TL;DR
Trino is a distributed SQL engine you can get up and running with Docker in just minutes. This guide walks you through a single-node setup, configuring multiple data sources (PostgreSQL + MySQL), loading sample data, running cross-source queries, and integrating with Knowi for visual analytics. Perfect for local development, testing, or proof of concept.
Table of Contents
- Introduction
- Why use Trino: Key Advantages
- Challenges with Trino
- When to Use Trino
- Prerequisites
- Step 1: Set Up a Trino Server with Docker
- Step 2: Connect PostgreSQL & MySQL as Trino Catalogs
- Step 3: Load Sample Data into PostgreSQL & MySQL
- Step 4: Visualize Trino Data with Knowi
- 5. Common Errors & How to Fix Them
- 6. Performance Optimization Tips
- Next Steps
- Useful Commands
- Additional Resources
- Ready to Visualize Trino Data?
- Frequently Asked Questions
Introduction
Trino is a distributed SQL query engine designed for fast, interactive analytics across multiple data sources, including both structured (SQL) and semi-structured or unstructured (NoSQL, object storage) data – all without requiring ETL or data movement.

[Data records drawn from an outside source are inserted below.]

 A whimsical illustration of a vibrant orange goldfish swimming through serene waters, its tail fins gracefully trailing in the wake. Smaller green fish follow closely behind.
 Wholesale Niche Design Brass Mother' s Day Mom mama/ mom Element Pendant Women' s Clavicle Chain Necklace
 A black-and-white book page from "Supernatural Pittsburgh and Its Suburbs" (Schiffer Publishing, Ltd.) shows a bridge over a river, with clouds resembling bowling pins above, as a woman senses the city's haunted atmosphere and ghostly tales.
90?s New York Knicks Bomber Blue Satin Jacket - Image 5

Why use Trino: Key Advantages
1. Federated SQL Querying Across Data Sources
Trino allows engineers and backend systems to query multiple sources, such as PostgreSQL, MySQL, Hive, MongoDB, Cassandra, S3, and more, through a single SQL interface. This is especially useful for powering data pipelines or backend services that require direct access to distributed data without ETL.
2. Full ANSI SQL Support
Trino provides strong SQL coverage, including joins, aggregations, subqueries, and window functions, making it ideal for technical teams who prefer standardized query languages across all their data sources.

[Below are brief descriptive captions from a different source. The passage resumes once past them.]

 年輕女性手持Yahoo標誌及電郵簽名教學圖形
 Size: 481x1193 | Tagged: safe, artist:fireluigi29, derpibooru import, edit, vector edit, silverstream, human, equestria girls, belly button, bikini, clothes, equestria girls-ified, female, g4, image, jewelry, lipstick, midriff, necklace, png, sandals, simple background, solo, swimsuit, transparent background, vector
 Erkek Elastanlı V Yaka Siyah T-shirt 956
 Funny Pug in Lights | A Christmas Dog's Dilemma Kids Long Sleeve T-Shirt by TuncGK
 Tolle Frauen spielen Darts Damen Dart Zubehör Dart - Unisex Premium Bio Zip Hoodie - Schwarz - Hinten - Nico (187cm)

3. Distributed Query Execution at Scale
Trino is optimized for large-scale, in-memory processing across clusters. It supports parallel execution for faster backend querying on large or complex datasets.
4. Stateless and Lightweight
As a stateless engine, Trino executes queries without persisting data or maintaining intermediate storage. This makes it a good fit for ephemeral workloads and elastic environments.

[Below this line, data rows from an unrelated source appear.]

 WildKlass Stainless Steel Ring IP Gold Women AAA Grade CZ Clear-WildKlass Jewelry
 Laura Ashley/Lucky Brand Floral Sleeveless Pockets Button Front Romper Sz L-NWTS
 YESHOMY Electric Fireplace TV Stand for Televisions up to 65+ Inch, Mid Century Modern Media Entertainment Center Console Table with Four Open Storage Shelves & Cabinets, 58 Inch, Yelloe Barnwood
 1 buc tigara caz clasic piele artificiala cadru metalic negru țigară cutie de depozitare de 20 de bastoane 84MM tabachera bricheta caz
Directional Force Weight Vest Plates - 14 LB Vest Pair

5. Extensible with 30+ Connectors
Trino supports a wide range of structured and semi-structured data sources through its modular connector architecture, ideal for backend systems that need data federation.
6. Open and Vendor-Agnostic
Trino is fully open-source, with active development from its original creators. Its pluggable design makes it compatible with a variety of architectures, including lakehouses, cloud-native stacks, and custom pipelines.
Challenges with Trino
1. No Native Storage or Caching
Trino doesn’t persist or cache query results. This limits its use for repeated access patterns or dashboarding without pairing it with a caching or visualization layer like Knowi.
2. Memory-Intensive Workloads
As an in-memory engine, Trino requires careful tuning to avoid out-of-memory errors when dealing with large joins, aggregations, or skewed data distributions.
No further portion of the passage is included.